In an earlier post, this blogger discussed the recent case of Nairobi High Court Civil Case No. 262 of 2015 Irene Mutisya & Anor v. Music Copyright Society of Kenya & Anor. In this case Mutisya and another copyright owner Masivo have filed suit against Music Copyright Society of Kenya (MCSK) and mobile network operator Safaricom Limited for copyright infringement. The copyright owners filed an urgent application on 30th July 2015 for a temporary injunction to restrain Safaricom from remitting license fees to MCSK pursuant to a recently concluded license agreement for caller ring-back tones (CRBT) made available through Safaricom’s Skiza platform. The copyright owners also asked the court to restrain both Safaricom and MCSK from implementing the CRBT License Agreement pending the hearing of the application. In this case, this blogger expressed shock that the High Court granted the orders sought by the copyright owners pending inter partes hearing of the case.

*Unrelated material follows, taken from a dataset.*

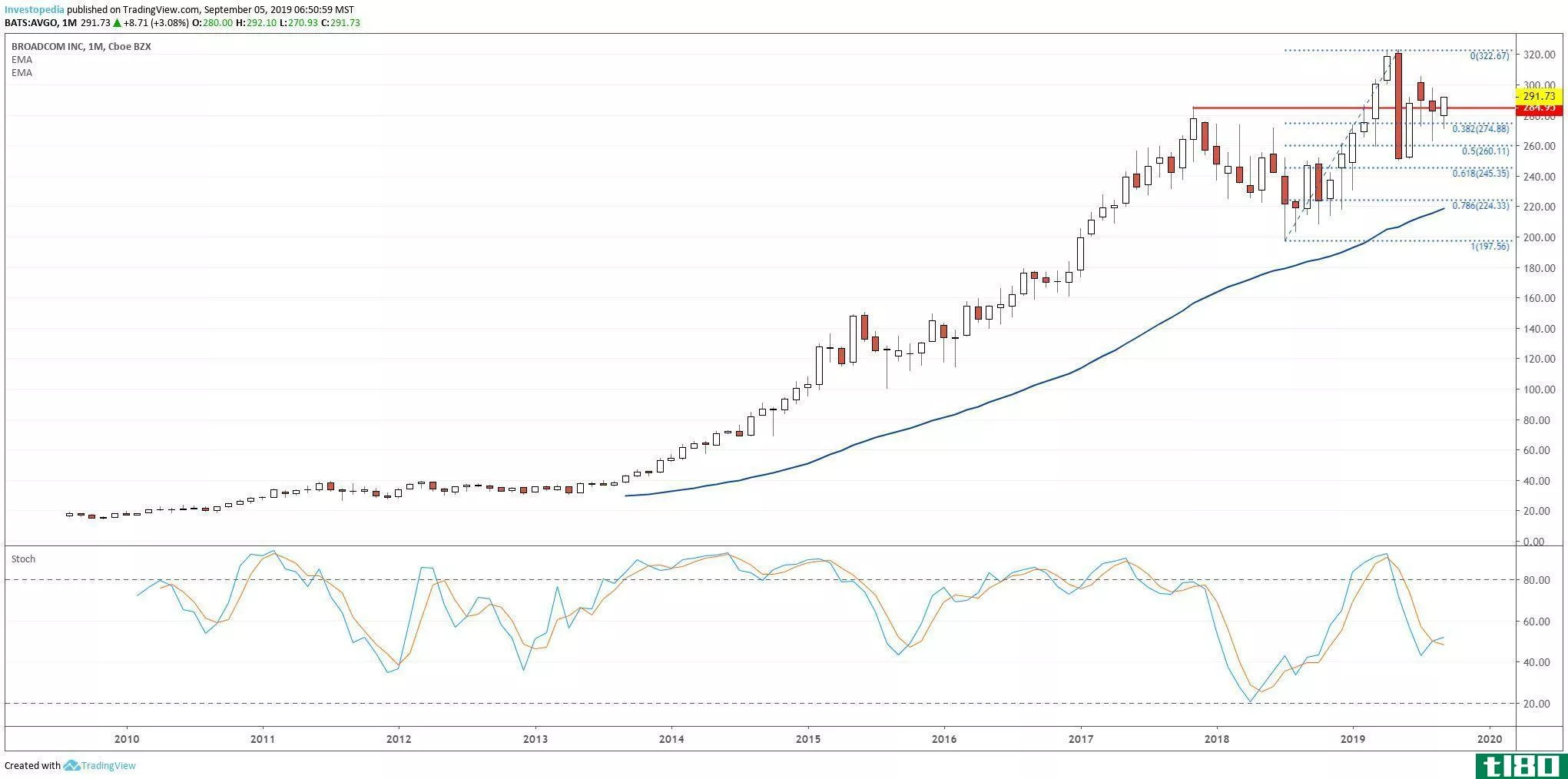 Long-term chart showing the share price performance of Broadcom Inc. (AVGO)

The crux of copyright owners’ application is that MCSK lacks the mandate to license, collect, license fees for CRBT from mobile network operators such as Safaricom. In this regard, the copyright owners rely on a letter sent by Safaricom to a premium rate services provider (PRSP), Cellulant. This Safaricom letter notifies the PRSP that the existing Content Provision Agreement between the latter and Safaricom has been varied by operation of the law, namely the introduction of the single equitable remuneration through a recent amendment to the Copyright Act. Therefore Safaricom states that following demands from the related rights collecting societies to collect license fees for equitable remuneration, Safaricom will pay all royalties directly to the collecting societies.
Recently, several commentators have questioned the legal basis for MCSK, KAMP and PRISK to collect royalties directly from Safaricom for CRBT. This line of argument appears to be based on the US ruling in the case of In re Cellco Partnership d/b/a Verizon Wireless, Case Nos 09-cv-07074 & 41 Civ 1395 (the ‘Verizon’ case). This case addressed the question whether ringtone providers are required to pay royalties for the public performance of ringtones. In particular, the two questions that arose were: First, does the transmission by downloading of a ringtone to a mobile phone constitute a public performance? Secondly, when a ringtone goes off, does that constitute a public performance? The court in the Verizon case answered both questions in the negative.
This blogger would argue that it is misleading to use this US decision to argue against the agreement between the music CMOs in Kenya and Safaricom. First and foremost, the CMOs are not licensing Safaricom for the performing right in the musical download but rather the performing and mechanical rights in the CRBT service which is, in essence, a streaming service. Interestingly, rights holders in Kenya have assigned these very performing and mechanical rights to their respective CMOs therefore one wonders the basis upon which they would claim that the CMOs do not have the mandate to license entities like Safaricom to exploit these rights through their CRBT service.